*** Opening of INFORMATION SHOWN ***

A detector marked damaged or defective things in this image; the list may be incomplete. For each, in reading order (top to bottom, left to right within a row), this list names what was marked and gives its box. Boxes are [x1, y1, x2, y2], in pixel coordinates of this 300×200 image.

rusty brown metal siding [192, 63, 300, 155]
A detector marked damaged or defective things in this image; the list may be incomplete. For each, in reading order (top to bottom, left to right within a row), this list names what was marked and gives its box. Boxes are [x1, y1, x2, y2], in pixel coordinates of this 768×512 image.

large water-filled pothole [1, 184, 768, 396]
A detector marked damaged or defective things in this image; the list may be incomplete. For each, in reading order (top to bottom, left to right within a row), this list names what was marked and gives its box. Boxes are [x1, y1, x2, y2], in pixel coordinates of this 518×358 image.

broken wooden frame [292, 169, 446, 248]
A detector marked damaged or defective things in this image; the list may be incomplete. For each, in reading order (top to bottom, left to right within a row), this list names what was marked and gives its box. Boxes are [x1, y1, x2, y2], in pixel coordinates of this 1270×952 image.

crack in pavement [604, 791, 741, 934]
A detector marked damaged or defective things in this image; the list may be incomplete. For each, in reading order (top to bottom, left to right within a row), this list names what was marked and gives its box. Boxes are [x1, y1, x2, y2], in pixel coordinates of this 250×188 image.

*** Close of INFORMATION SHOWN ***
*** Opening of INFORMATION SHOWN ***

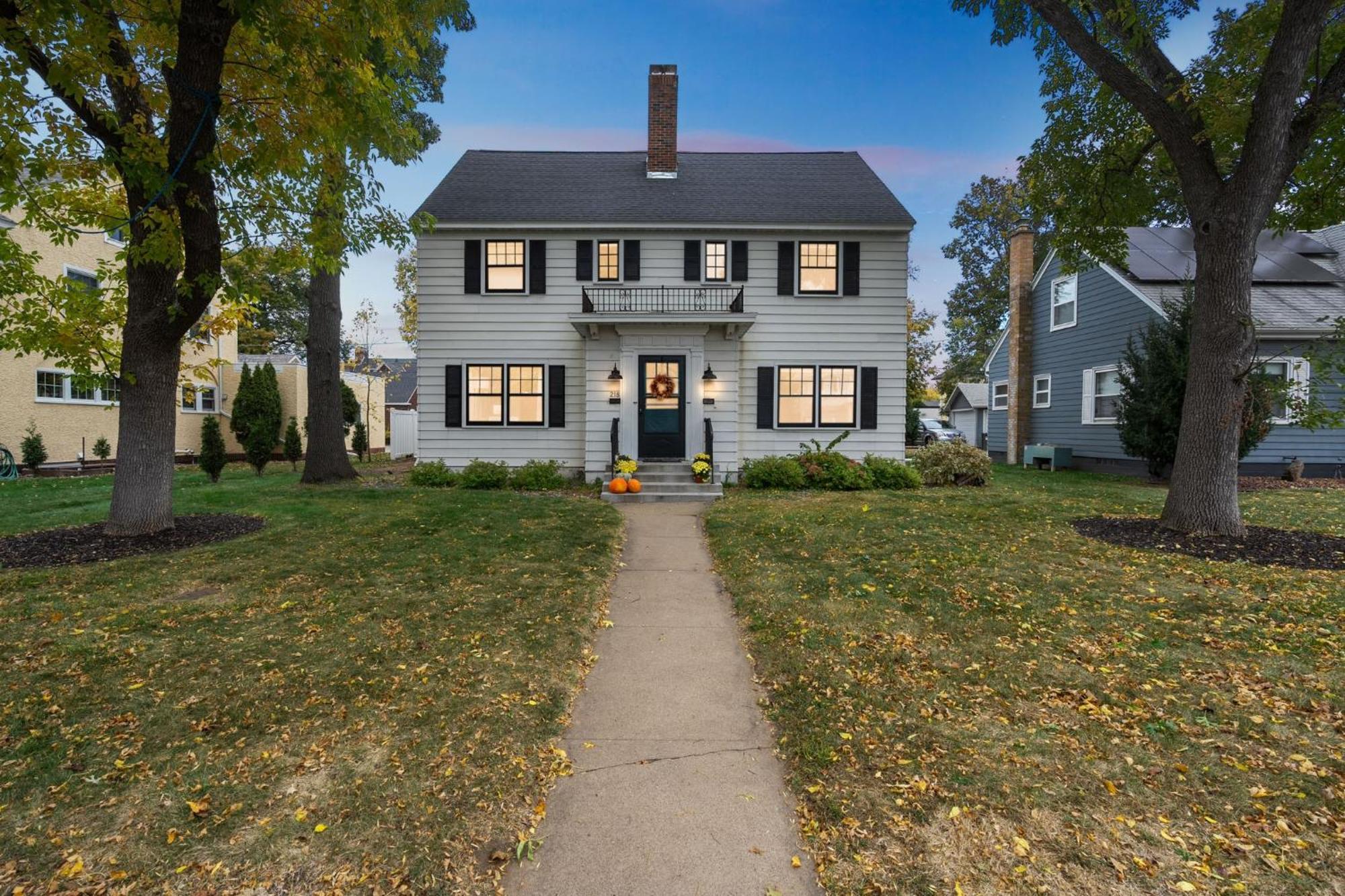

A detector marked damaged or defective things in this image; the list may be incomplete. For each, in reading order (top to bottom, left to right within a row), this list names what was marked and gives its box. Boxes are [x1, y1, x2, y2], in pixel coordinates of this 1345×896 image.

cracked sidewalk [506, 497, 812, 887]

*** Close of INFORMATION SHOWN ***
*** Opening of INFORMATION SHOWN ***

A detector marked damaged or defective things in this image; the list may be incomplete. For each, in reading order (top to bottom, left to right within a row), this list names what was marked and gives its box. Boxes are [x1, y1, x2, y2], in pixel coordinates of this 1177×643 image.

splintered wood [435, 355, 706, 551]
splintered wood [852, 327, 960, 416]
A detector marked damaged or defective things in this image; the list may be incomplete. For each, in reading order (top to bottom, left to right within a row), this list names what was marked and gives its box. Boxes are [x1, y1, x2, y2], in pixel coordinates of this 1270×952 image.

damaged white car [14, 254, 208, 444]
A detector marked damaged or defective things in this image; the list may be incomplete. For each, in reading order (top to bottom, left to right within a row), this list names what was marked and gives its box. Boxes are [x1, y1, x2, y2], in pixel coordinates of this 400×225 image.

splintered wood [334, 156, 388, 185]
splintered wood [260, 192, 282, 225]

*** Close of INFORMATION SHOWN ***

- YOUR GOAL: Output, from the data above, the lines from the line with "this 300×200 image." to the line with "this 250×188 image." exactly as they stand, both ends included and nothing else.

- ANSWER TO THIS EXERCISE:
A detector marked damaged or defective things in this image; the list may be incomplete. For each, in reading order (top to bottom, left to right within a row), this list names what was marked and gives its box. Boxes are [x1, y1, x2, y2], in pixel coordinates of this 300×200 image.

rusty brown metal siding [192, 63, 300, 155]
A detector marked damaged or defective things in this image; the list may be incomplete. For each, in reading order (top to bottom, left to right within a row), this list names what was marked and gives its box. Boxes are [x1, y1, x2, y2], in pixel coordinates of this 768×512 image.

large water-filled pothole [1, 184, 768, 396]
A detector marked damaged or defective things in this image; the list may be incomplete. For each, in reading order (top to bottom, left to right within a row), this list names what was marked and gives its box. Boxes are [x1, y1, x2, y2], in pixel coordinates of this 518×358 image.

broken wooden frame [292, 169, 446, 248]
A detector marked damaged or defective things in this image; the list may be incomplete. For each, in reading order (top to bottom, left to right within a row), this list names what was marked and gives its box. Boxes are [x1, y1, x2, y2], in pixel coordinates of this 1270×952 image.

crack in pavement [604, 791, 741, 934]
A detector marked damaged or defective things in this image; the list may be incomplete. For each, in reading order (top to bottom, left to right within a row), this list names what was marked and gives its box. Boxes are [x1, y1, x2, y2], in pixel coordinates of this 250×188 image.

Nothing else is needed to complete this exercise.